Directions for this task ▸ Within the records that follow, restate exactly the lines from the line with "Intense Fun INTENSE" down to the line with "2 Personal+Smoothie+Portable+Electric+Vegetable", including both. Omit the pictures.

Recorded data ▸
━━━━━━━━━━

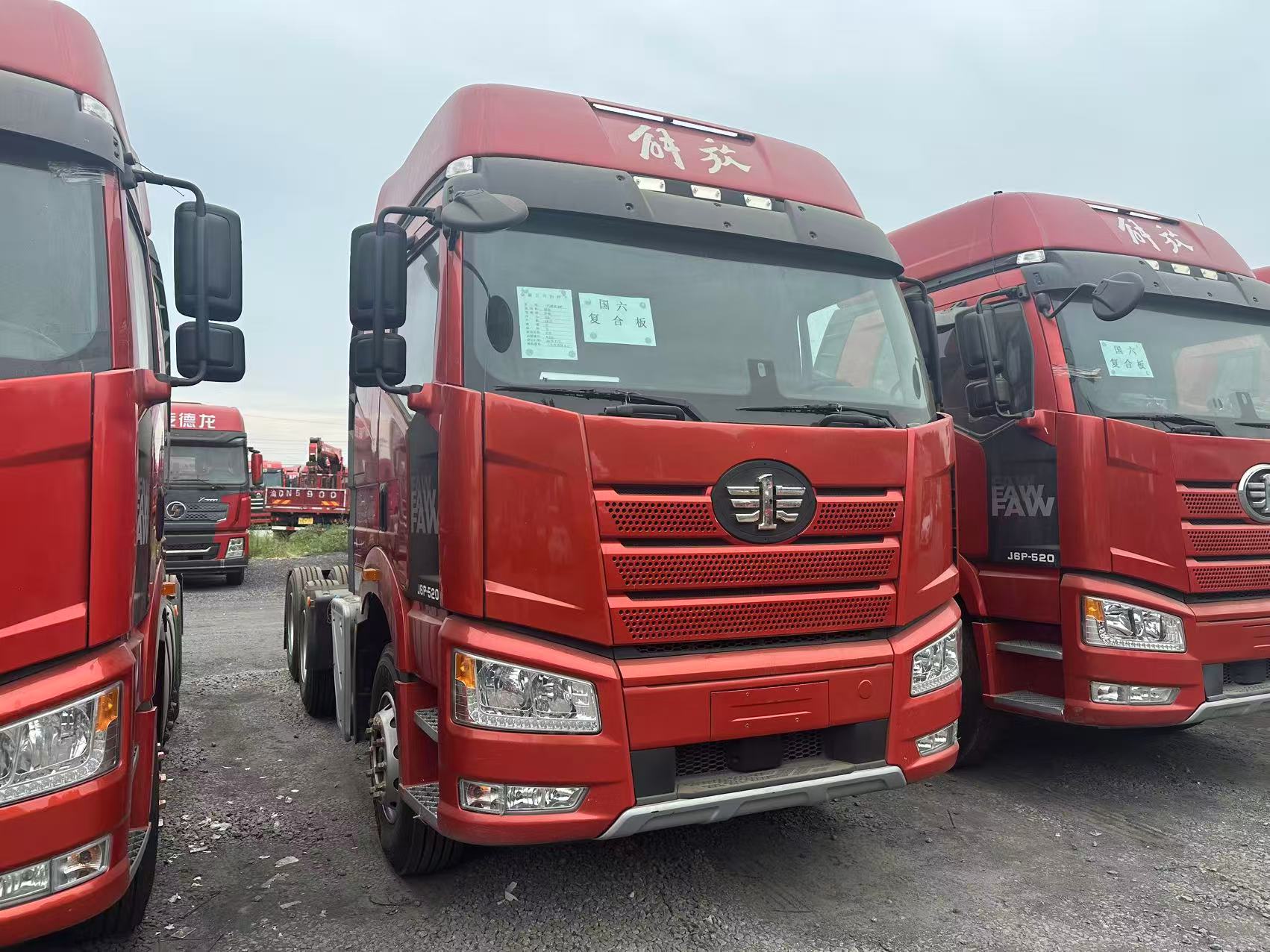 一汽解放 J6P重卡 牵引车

━━━━━━━━━━

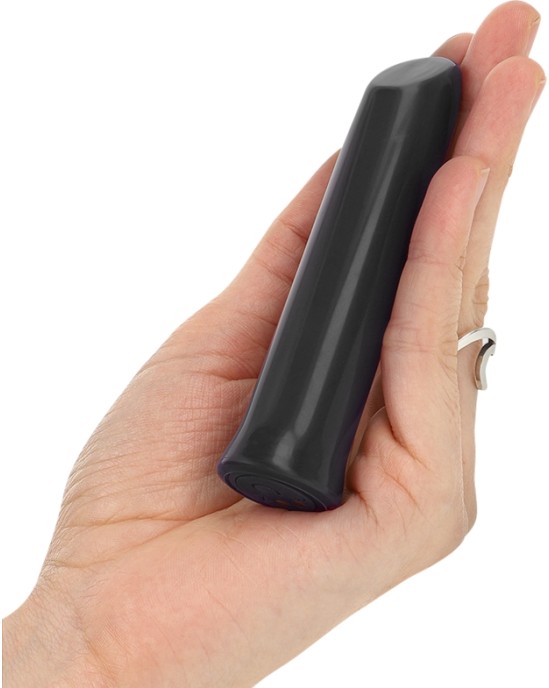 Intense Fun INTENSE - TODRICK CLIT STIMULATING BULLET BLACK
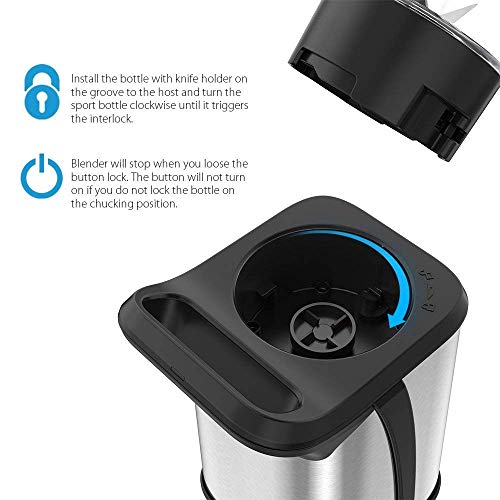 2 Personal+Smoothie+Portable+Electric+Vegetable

━━━━━━━━━━

Completed task ▸
 Intense Fun INTENSE - TODRICK CLIT STIMULATING BULLET BLACK
 2 Personal+Smoothie+Portable+Electric+Vegetable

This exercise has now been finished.